How is that goal different from that of the Eclipse platform (http://www.eclipse.org/platform/overview.php) - a common base where people can develop individual add-ons to suit the domain they're working on? Eclipse platform and LT clearly have different interaction models and technologies, but from the leading quote of the article, the same goal.

Writing Java in Eclipse is, as many have said, a great experience (in the continuum of Java-development experience). But you know what else is pretty good? PyDev (http://pydev.org/) - a Python IDE that's written on the Eclipse platform. It uses the same interaction models and designs as Eclipse for Java, but it's also got a whole bunch of bits that are just targeted at Python development. There's also a tool (the name of which I don't recall) that our DBA uses for all his database management that's written on the Eclipse platform.

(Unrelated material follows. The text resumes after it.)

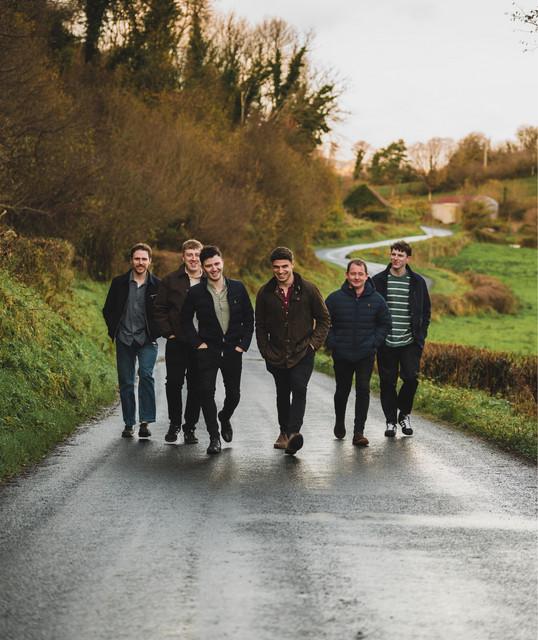 The Tumbling Paddies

I'm all for specific - I use PyCharm every day, which does one thing (Python development) really well. But I think calling out Eclipse like the parent article does is wrong. It too can be a platform for "easily created domain specific experiences"; it's just a different one with a different paradigm.



> But you know what else is pretty good? PyDev

It's not. It's really not. I've heard good things about PyCharm, but the best environment for Python that I have seen so far is Emacs. And Light Table definitely looks like an improvement on that. My only concern with this is the speed. I want this to have the same response time as Emacs or Vim. Then there would be no reason not to use it.


I specifically chose the description "pretty good" (as opposed to "great" or something more flowery) for PyDev, because I think that best summarizes it. It's got a number of issues with it (and it's sometimes as slow as a dog), but for the hobby developer it's more than enough.

Once I started working in Python and spending 30-something hours/week in the environment, its flaws started to overcome its benefits (namely: it was free, and I knew how to use it), and it was time to move to PyCharm...which is also slow, unless you throw a few gigs of RAM at it and at which point it becomes amazing.